One of the last hurdles mushers must overcome on their way to the starting line of the Iditarod is to complete and deliver the drop bags to the Iditarod Trail Committee. It isn’t an easy chore. “Having done it three times,” remembers musher spouse Maureen Morgan, “I can guarantee it takes a lot of time, planning and organization. What goes in what bag and where is important.” Once the bags are packed, of course, mushers must deliver them to the ITC. Some, those not within easy driving distance, choose to ship the bags, bags that are then delivered to central checkpoints. Others deliver them in person.

Here’s a look at that process. Each bag that arrives is packed with something different. Each checkpoint demands different things, just as each musher’s run/rest schedule has an impact on what will go into each checkpoint’s bags. If they’re going to be staying awhile, the bag or bags will be fuller. If they only expect to be passing through, the bags will be fewer and hold only essentials. Maureen Morgan remembers packing these bags. “Imagine your living room or even your driveway completely covered by large bags,” she says. Every spot is covered, if not with bags, with the items to go into them. Karen Ramstead, standing right in the middle of her drop bags as they wait outside to be packed into her dog truck for deliver to Anchorage would probably agree.
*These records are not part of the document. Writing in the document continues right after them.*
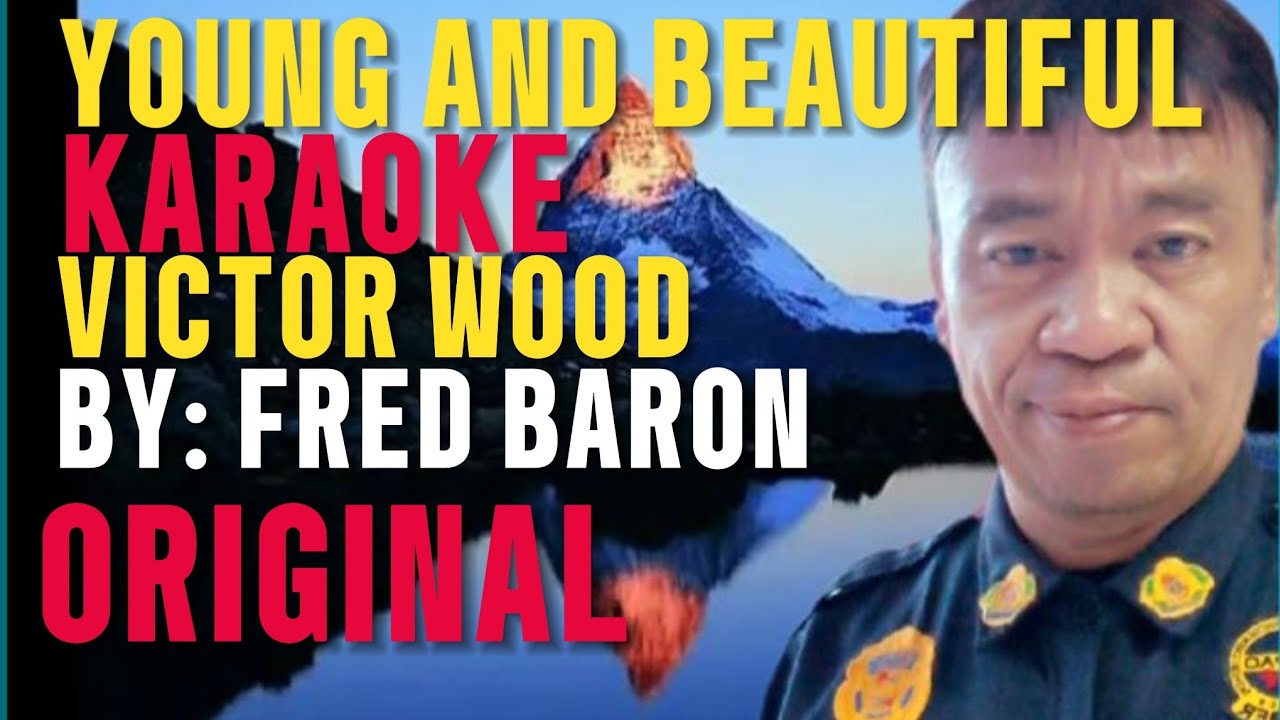 YOUNG AND BEAUTIFUL - VICTOR WOOD - Original - (KARAOKE VERSION) BY: FRED BARON 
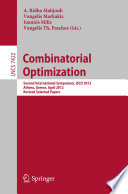 Combinatorial Optimization Second International Symposium, ISCO 2012, Athens, Greece, 19-21, Revised Selected Papers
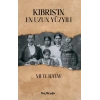 Kıbrısın En Uzun Yüzyılı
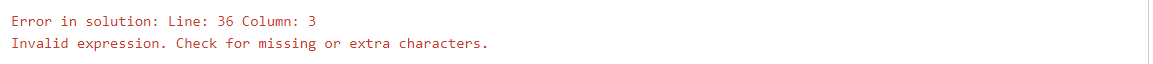 Error in solution: Line: 36 Column: 3
Invalid expression. Check for missing or extra characters.
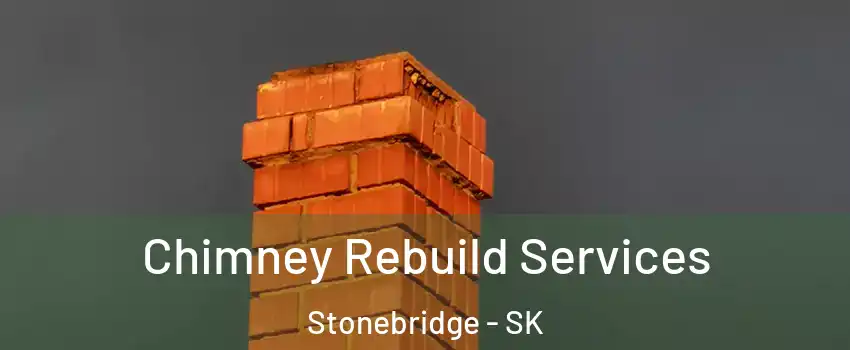  Chimney Rebuild Services Stonebridge - SK
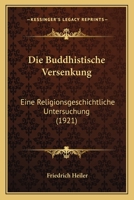 Die Buddhistische Versenkung 1016031742 Book Cover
It’s a huge undertaking, one Karen reports took about five hours to complete. Morgan remembers spending days in the kitchen just preparing her husband Bob’s food bags. “Each item was cooked, frozen and then put into a food saver, airtight bag,” she says. On the trail, the musher will “take these bags and drop them in the cooker as he is melting snow for water for the dogs. Yes, they share the same cooker.” Besides food items for the musher, of course, the bags will contain dog food, supplies needed at checkpoints such as snaps, extra ganglines, and more. In the photo right, taken by Donna Quante in 2007, Karen stands beside her bags as they wait to be loaded into her dog truck for deliver to Anchorage. These are the bags that are delivered to the Iditarod Trail Committee.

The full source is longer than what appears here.